What needs to be done: Wherever pictures appear in the listing below, leave them out, and copy exactly, and only, everything from the line with "Insert it and" down to the line with "I'm Mike Sokol".

Records provided:
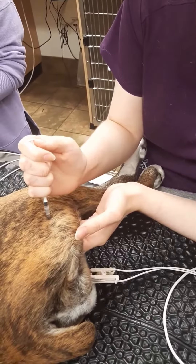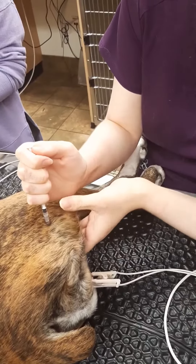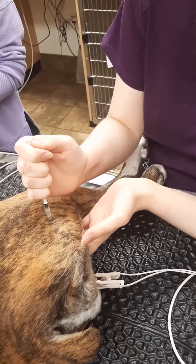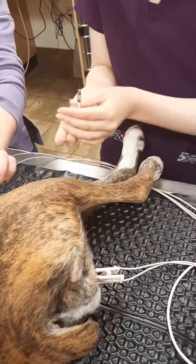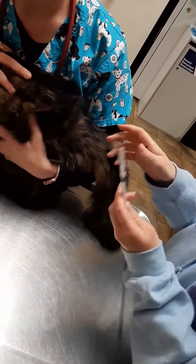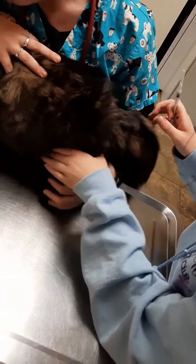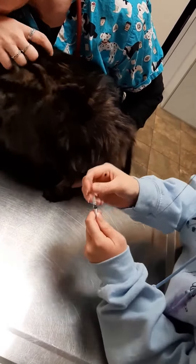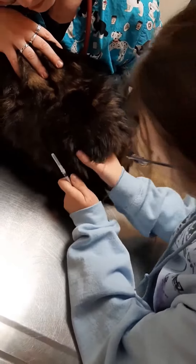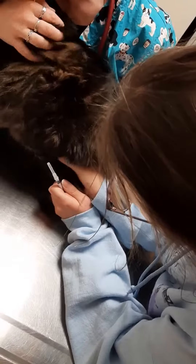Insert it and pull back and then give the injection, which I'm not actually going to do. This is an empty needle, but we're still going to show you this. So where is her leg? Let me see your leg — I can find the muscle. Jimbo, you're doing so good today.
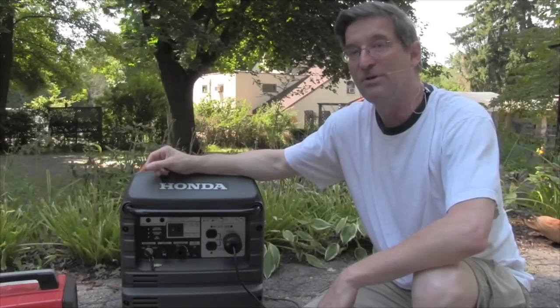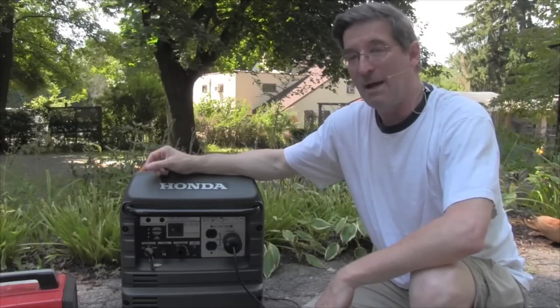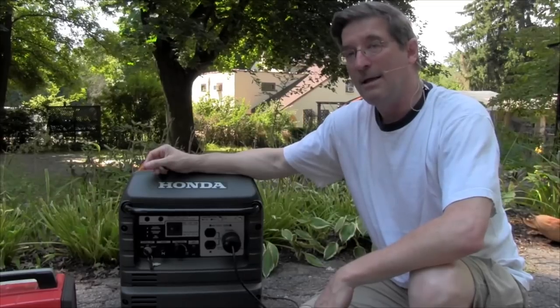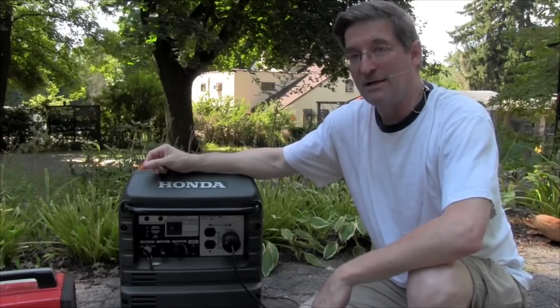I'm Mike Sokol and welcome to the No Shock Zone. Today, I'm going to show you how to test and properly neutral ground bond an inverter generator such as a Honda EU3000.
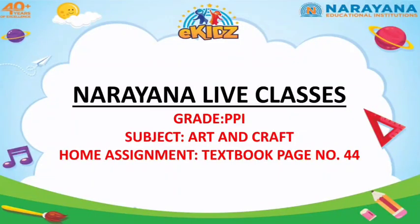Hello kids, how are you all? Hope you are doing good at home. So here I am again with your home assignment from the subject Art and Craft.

* * *

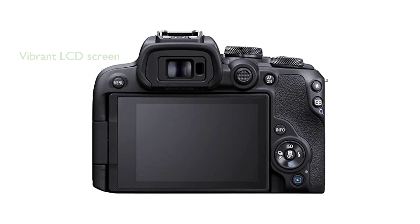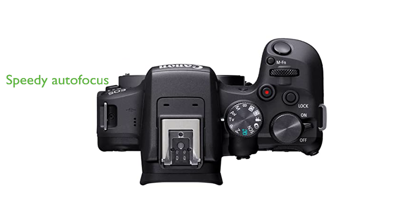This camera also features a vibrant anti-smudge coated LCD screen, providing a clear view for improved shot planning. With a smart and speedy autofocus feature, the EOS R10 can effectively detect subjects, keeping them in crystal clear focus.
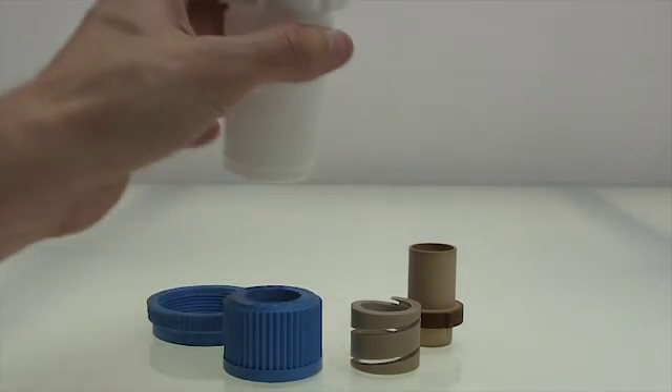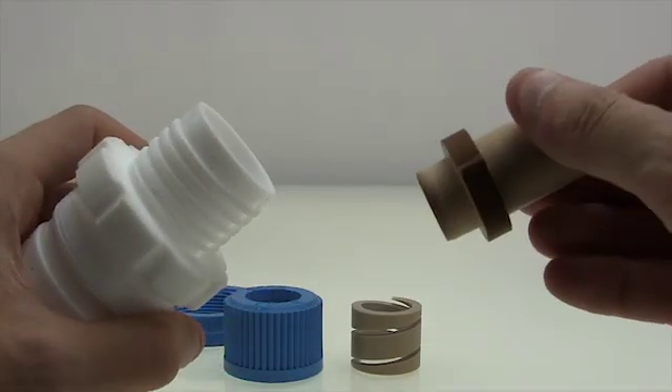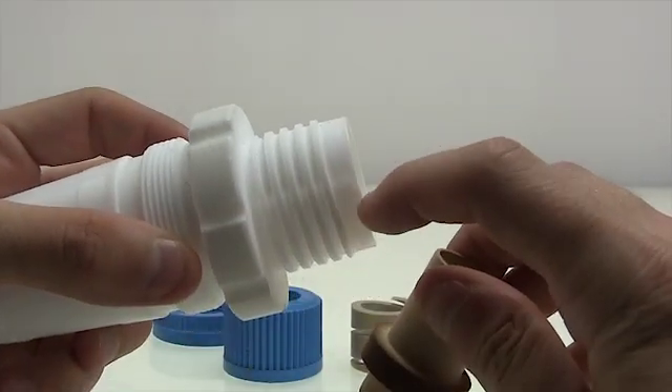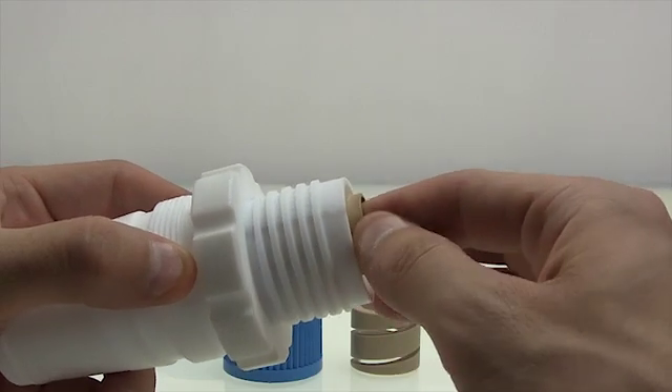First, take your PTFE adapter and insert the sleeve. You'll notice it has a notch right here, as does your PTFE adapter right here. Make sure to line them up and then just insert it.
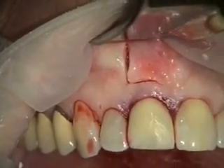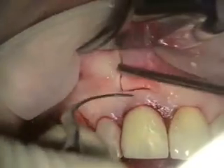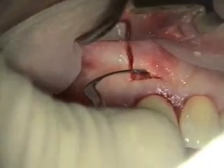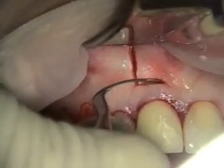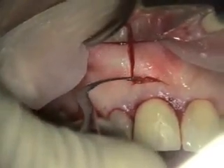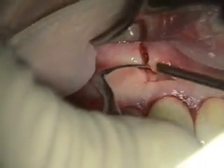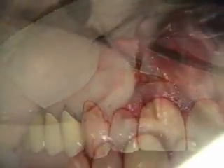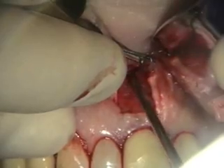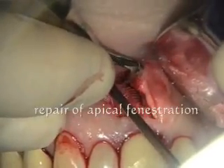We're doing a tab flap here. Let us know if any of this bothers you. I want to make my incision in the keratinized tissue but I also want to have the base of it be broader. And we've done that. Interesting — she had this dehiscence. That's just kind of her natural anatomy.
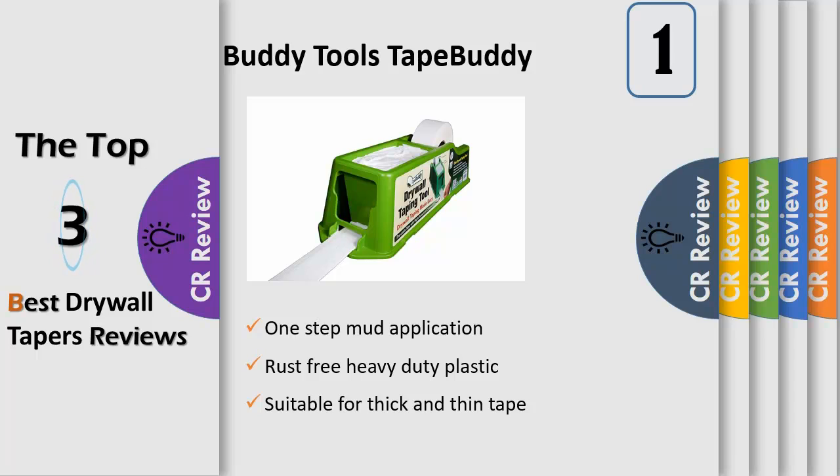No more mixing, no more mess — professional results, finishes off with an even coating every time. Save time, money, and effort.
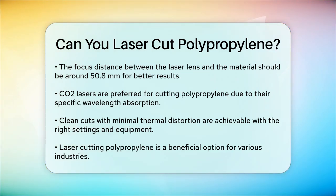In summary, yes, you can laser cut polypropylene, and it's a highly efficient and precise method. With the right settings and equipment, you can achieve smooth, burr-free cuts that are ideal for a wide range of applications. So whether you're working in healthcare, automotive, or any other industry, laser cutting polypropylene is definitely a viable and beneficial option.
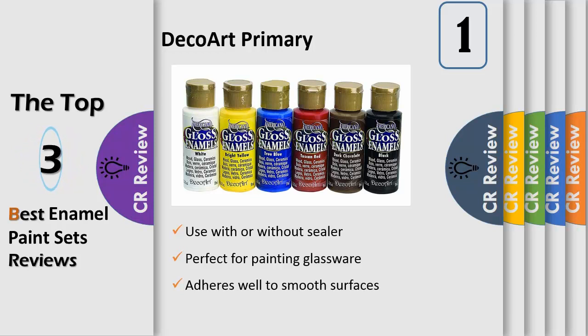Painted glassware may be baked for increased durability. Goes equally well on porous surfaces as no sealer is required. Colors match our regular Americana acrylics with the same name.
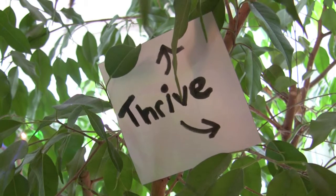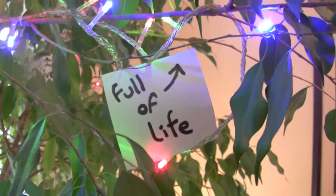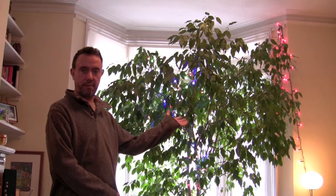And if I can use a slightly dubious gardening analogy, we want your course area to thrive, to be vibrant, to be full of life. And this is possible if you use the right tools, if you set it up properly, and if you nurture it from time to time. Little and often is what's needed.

---

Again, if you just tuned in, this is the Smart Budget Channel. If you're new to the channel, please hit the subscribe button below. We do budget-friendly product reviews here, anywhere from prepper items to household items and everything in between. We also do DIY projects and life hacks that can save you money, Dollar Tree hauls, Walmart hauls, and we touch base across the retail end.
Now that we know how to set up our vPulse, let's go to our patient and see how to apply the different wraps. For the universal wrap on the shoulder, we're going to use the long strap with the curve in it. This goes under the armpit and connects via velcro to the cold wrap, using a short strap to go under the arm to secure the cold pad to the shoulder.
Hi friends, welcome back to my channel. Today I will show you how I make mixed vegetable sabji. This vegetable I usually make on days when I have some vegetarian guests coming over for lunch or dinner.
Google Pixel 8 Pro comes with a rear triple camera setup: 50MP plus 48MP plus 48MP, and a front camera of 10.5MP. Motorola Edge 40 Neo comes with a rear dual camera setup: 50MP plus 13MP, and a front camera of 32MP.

Answer for the task:
Insert it and pull back and then give the injection, which I'm not actually going to do. This is an empty needle, but we're still going to show you this. So where is her leg? Let me see your leg — I can find the muscle. Jimbo, you're doing so good today.
I'm Mike Sokol and welcome to the No Shock Zone. Today, I'm going to show you how to test and properly neutral ground bond an inverter generator such as a Honda EU3000.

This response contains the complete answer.